The problem here is not that science rules out miracle---because it doesn't.

Actually, that is correct. It can't rule out any miracle and the truth of any scriptural miracle, including the scriptural version of creation, cannot be ruled out by science. It has nothing to do with science.

In theological terms, there is no proper exegetical foundation for conjuring up the necessary miracles.

We are fallen. That's a pretty central exegetical reason. Who is "conjuring", btw?

In fact, the lengthy list of miracles needed is invoked only to support a fallible human choice to read scripture literally.

Invoked by who?

IMO that is not a good enough reason to set scripture and creation at odds with each other over the age of the earth.

Scripture and science are at odds, not scripture and creation unless you make the assumption that what is not allowed in a science model is not allowed period - i.e. no miracles. I would quote Neils Bohr and say don't tell God what he can do.

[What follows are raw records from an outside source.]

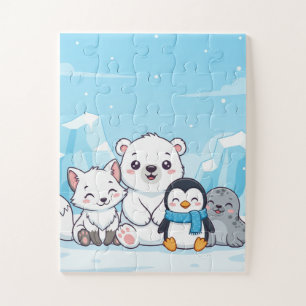 Arctische Dieren Kinderpuzzel Cute IJsbeer Vos P Legpuzzel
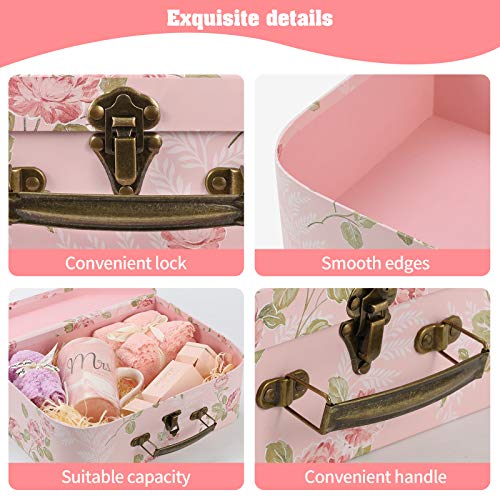 Set of 3 Different Sizes of Paperboard Suitcases with Metal Handles,  Decorative Cardboard Storage Boxes (Pink)
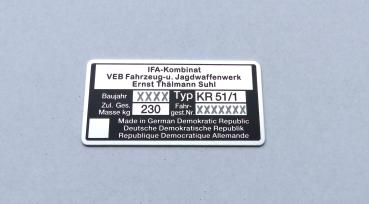Typenschild geätzt für Simson Schwalbe KR 51/1 IFA-Kombinat, beschriftet, Nadelprägung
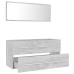 Set muebles de baño 2 piezas madera contrachapada gris hormigón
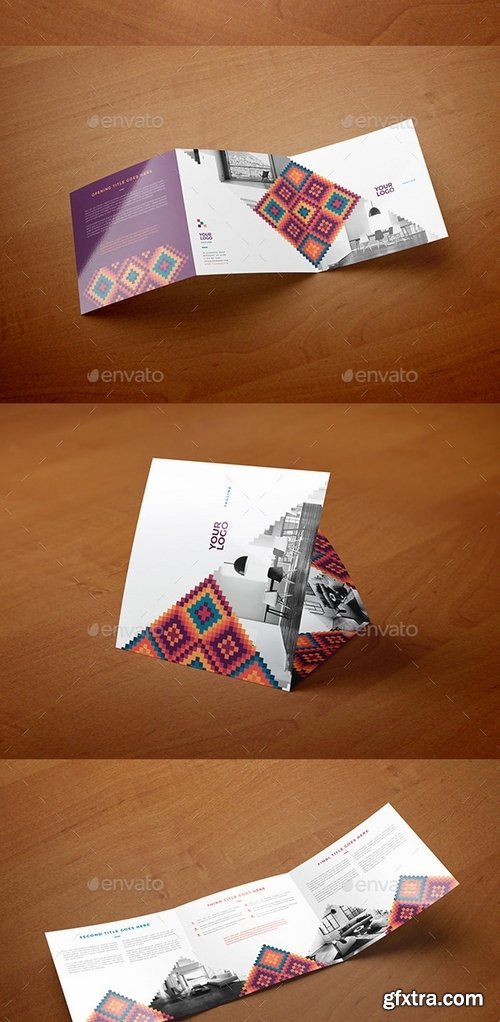 GraphicRiver - Square Modern Colorful Pattern Trifold 12409794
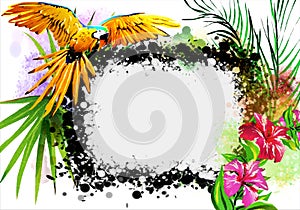 Tropical flowers and a parrot with a white banner.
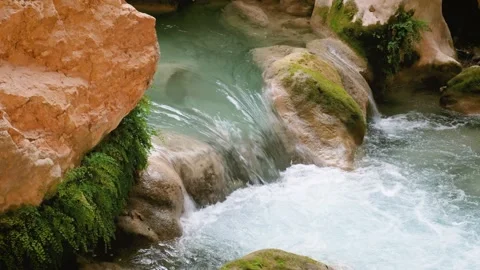 Stream Running Across The Rocks Inside The Forest Stock Footage 235666636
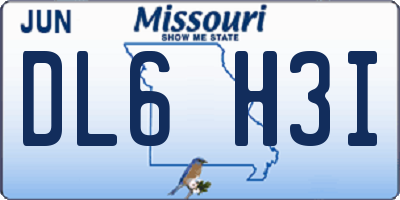 MO license plate DL6H3I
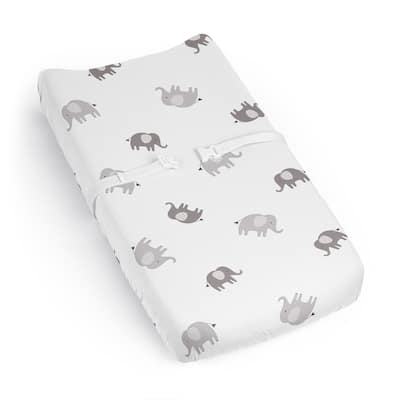 Sweet Jojo Designs Grey and White Boho Bohemian Elephant Boy Girl Gender Neutral Changing Pad Cover Sheet Safari Animals Modern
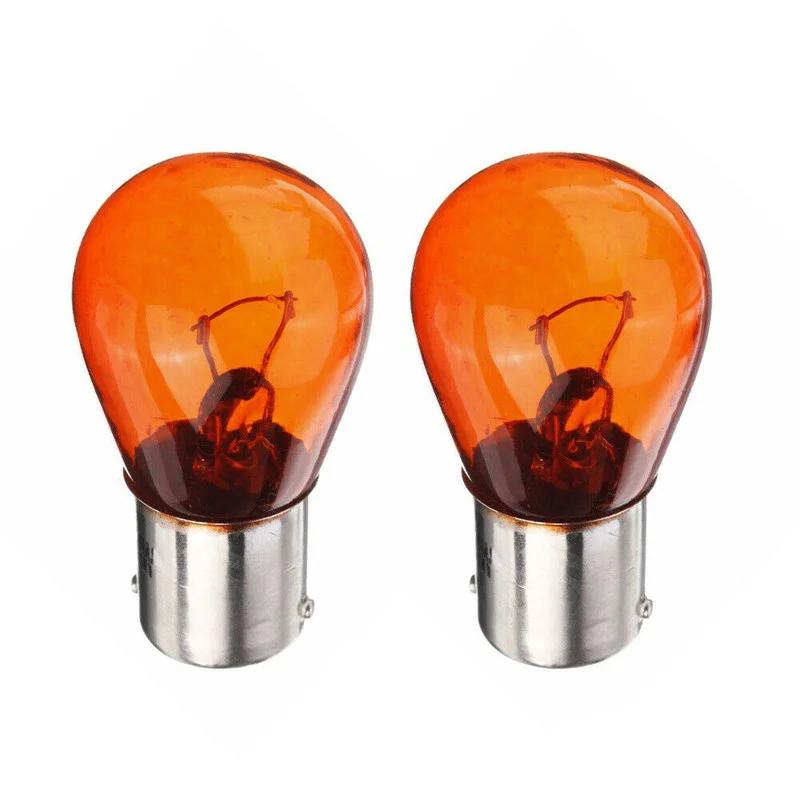 2pcs P21W 1156 BA15S 581 Amber Car Auto Scooter Indicator Break Parking Turn Light Bulb Lamp 21W DC12V Halogen Lamp Bulbs
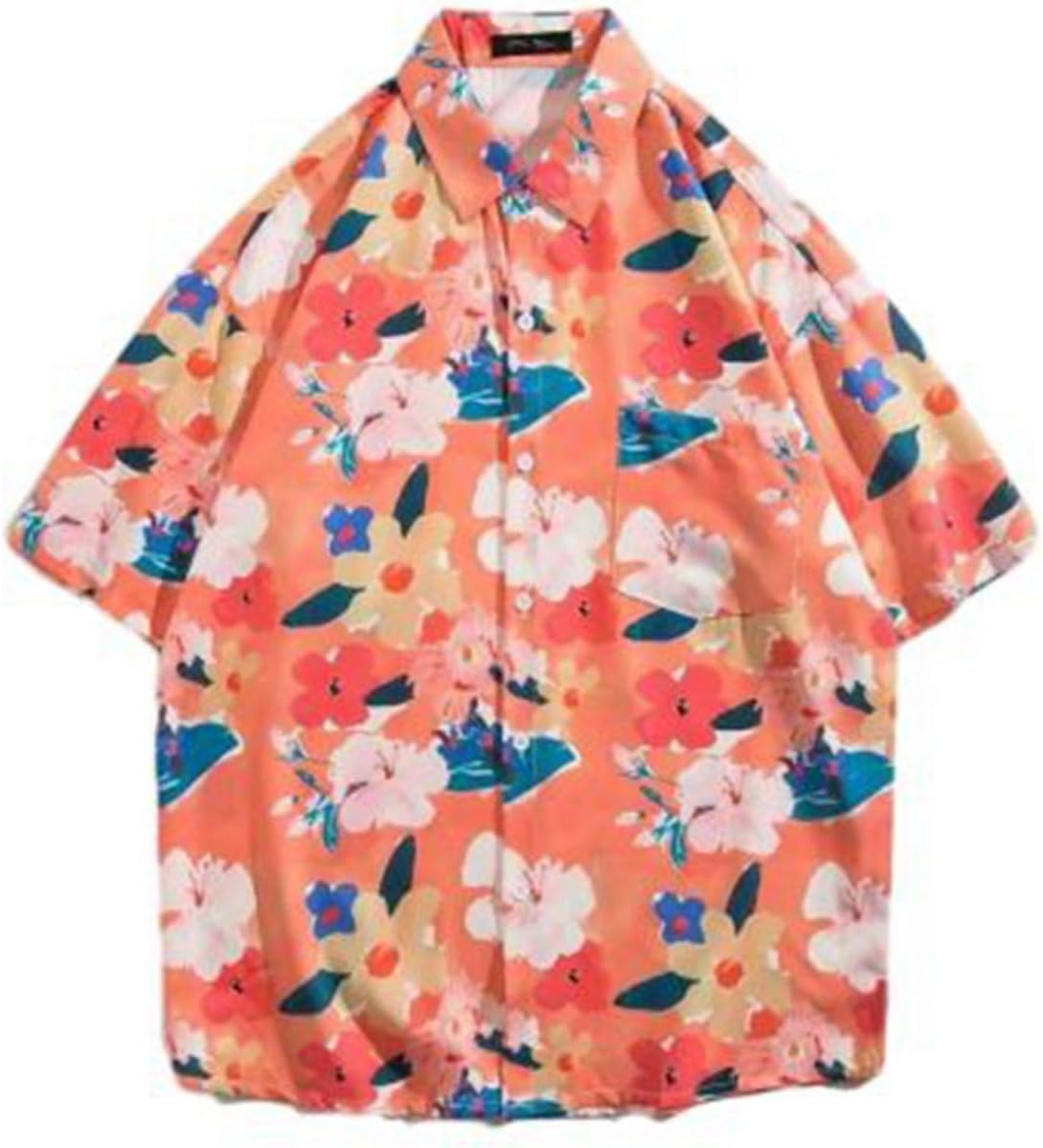 メンズ ビーチシャツ 夏服 アロハシャツ 半袖シャツ ハワイ風 総柄 花柄シャツ 日焼け防止 薄手 涼しい 通気性 アウター トップス ゆったり 大きいサイズ 海 旅行 アウトドア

When one does that one implicitly does call God a liar, because if scripture and creation --which both come ultimately from God--do not agree, it can only be because God has not revealed the truth in both.

When you insist, as you imply in the phrase 'scripture and creation do not agree', you are assuming from the outset that the case you wish to make is true. It's called circular reasoning.

If creation happened as given in scripture, then scripture and creation agree. If creation happened as given in the current received science model, then scripture and creation do not agree. You use the word creation asan identity for the science model.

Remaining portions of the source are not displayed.